While a story about a couple who become lovers without knowing they are brother and sister reeks with possibilities, in Say It Isn’t So it just reeks. Everyone harasses Gilly Noble (Klein) for falling in love with Jo Wingfield (Graham). Townspeople who once found the orphaned Gilly so endearing start calling him "pervert" and smear his car with graffiti. As a result of public pressure, his boss at the animal shelter even fires the naïve worker despite his excellent job record. But none of this makes any sense at all. Because Gilly had no idea he was related to Jo, it’s quite clear he’s more to be pitied than censured.

First-time director J. B. Rogers and new screenwriters Peter Gualke and Jerry Swallow appear determined to include as many gross-out scenes as possible at the expense of telling a believable story. Cutting off a person’s ear during a haircut, wearing bikini-wax remnants as a beard, deliberately dropping a man who suffered a stroke, poking fun at a person with no legs, and searching for a ring inside a cow’s behind are not the kind of things that make me laugh. (However, I’m not immune to sick humor when it’s done well. I found There’s Something about Mary hilarious.)

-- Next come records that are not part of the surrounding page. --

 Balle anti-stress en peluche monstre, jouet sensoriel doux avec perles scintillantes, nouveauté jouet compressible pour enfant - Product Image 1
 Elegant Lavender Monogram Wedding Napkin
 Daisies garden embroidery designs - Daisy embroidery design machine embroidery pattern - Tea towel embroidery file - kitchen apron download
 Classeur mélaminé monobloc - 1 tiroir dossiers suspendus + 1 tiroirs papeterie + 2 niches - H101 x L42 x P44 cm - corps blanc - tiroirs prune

Thankfully, appearing in this clunker should not ruin the promising acting careers of Klein (Election) and Graham (Austin Powers: The Spy Who Shagged Me). They both have too much to offer. In fact, a combination of Graham’s wide-eyed innocence and Klein’s comic timing almost makes one scene work here. When Gilly shows Jo how he recites his "Noble Creature" poem to animals before other employees put them to sleep, a glimmer of humanity shines briefly on screen.

Another "close but no cigar" moment comes from two-time Academy Award winner Sally Field (Norma Rae, Places in the Heart), who tries to breathe some life into her "mother from hell" role. Unfortunately, she succeeds only in a segment involving her wheelchair-bound husband’s (Richard Jenkins) encounter with a swarm of bees. "Don’t move," she shouts at him. "I have to get my camera!" Field’s quirky facial expression and excited voice inflection reminded me of just how funny she can be with a good script. (Remember Soapdish?).

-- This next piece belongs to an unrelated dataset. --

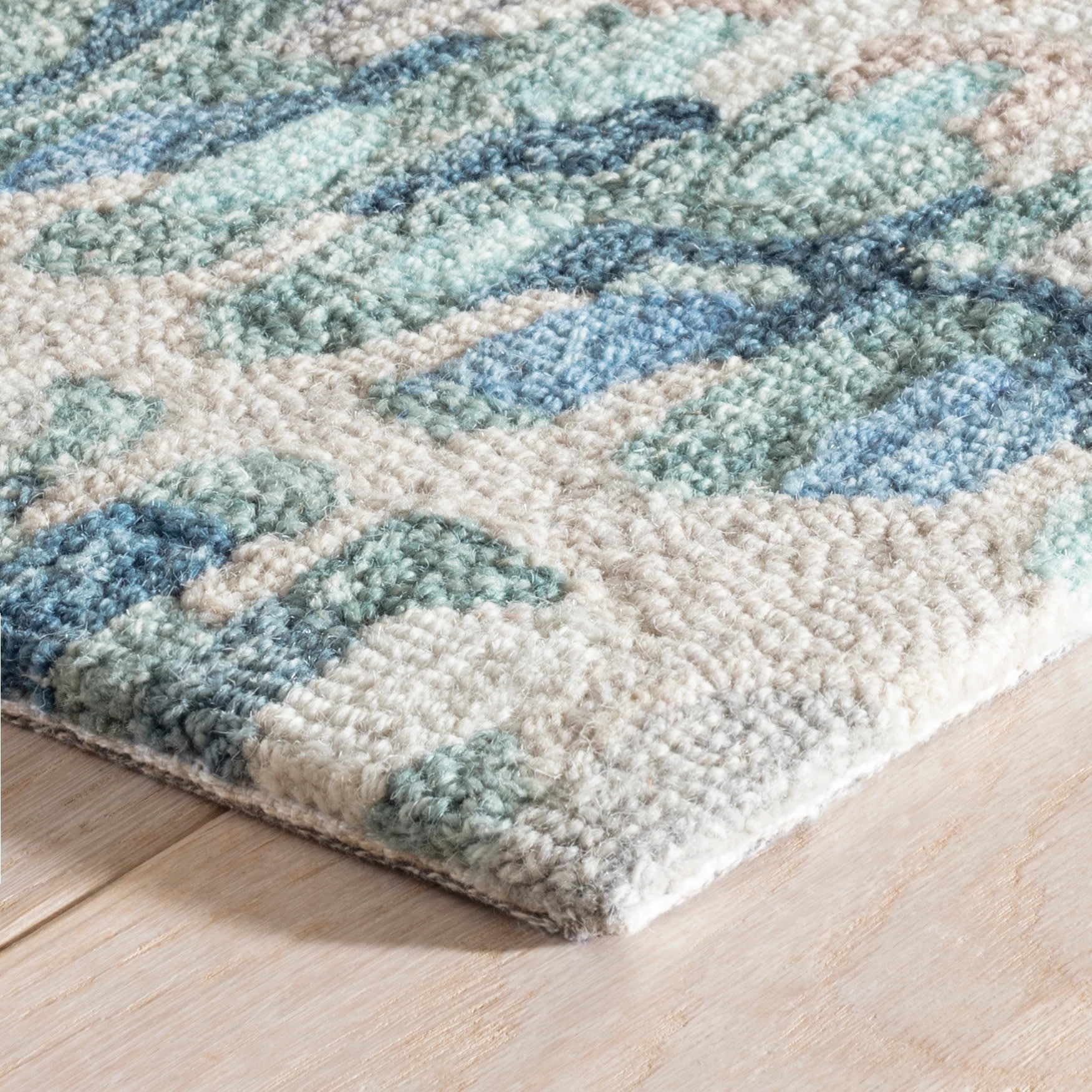 paint chip hand micro hooked wool rug | blue paint chip hand micro hooked wool rug | blue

Orlando Jones (The Replacements) emerges as the most ill-used actor in Say It Isn’t So. Playing a legless bush pilot who befriends Gilly, he’s supposed to be a mix of Charles Lindbergh and Jimi Hendrix. Instead, Jones comes across more like a circus clown. He stuffs his face with marijuana, wears an ice-skating boot on one artificial leg, and says inane things like "Whadya know --- they want the white boy!"

With the worst ending since Pay It Forward, this unfunny comedy lends new meaning to the Oedipus complex. Although Gilly and Jo may not be brother and sister after all, the true identity of Gilly’s real mother left me hoping this is as bad as movies will ever get.

(Released by 20th Century Fox and rated "R" for strong sexual content, crude humor and language.)